The answer should hold every line of the listing, unchanged and free of images.

Information shown:
+++

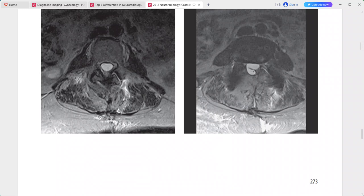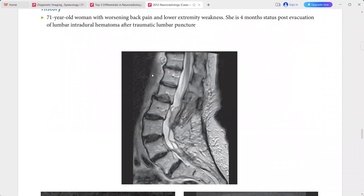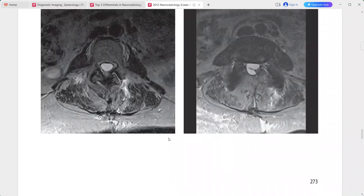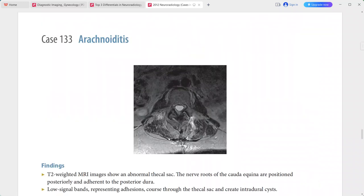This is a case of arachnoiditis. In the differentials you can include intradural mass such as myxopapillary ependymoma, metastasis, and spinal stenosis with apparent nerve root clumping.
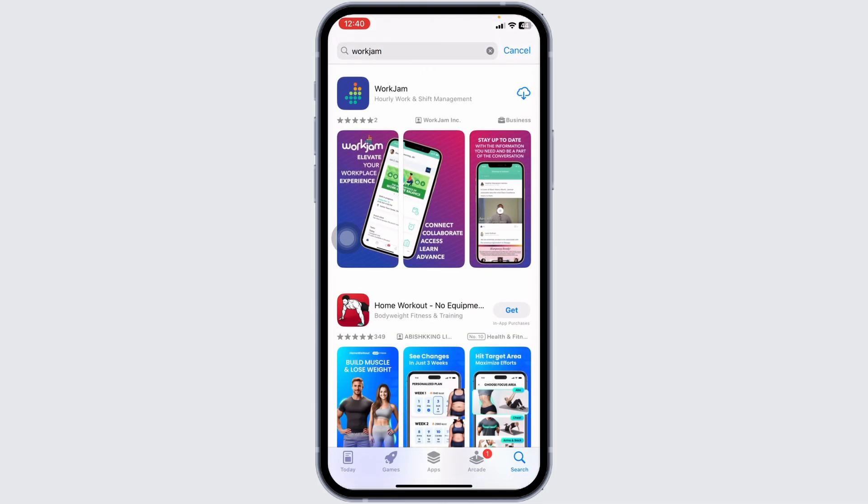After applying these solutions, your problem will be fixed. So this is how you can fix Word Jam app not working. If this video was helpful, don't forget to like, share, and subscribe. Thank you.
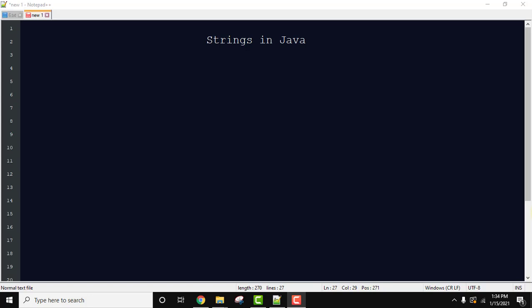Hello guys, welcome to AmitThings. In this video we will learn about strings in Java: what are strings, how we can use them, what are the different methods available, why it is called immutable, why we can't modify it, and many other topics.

+++

Result for this task:
This is a case of arachnoiditis. In the differentials you can include intradural mass such as myxopapillary ependymoma, metastasis, and spinal stenosis with apparent nerve root clumping.
After applying these solutions, your problem will be fixed. So this is how you can fix Word Jam app not working. If this video was helpful, don't forget to like, share, and subscribe. Thank you.
Hello guys, welcome to AmitThings. In this video we will learn about strings in Java: what are strings, how we can use them, what are the different methods available, why it is called immutable, why we can't modify it, and many other topics.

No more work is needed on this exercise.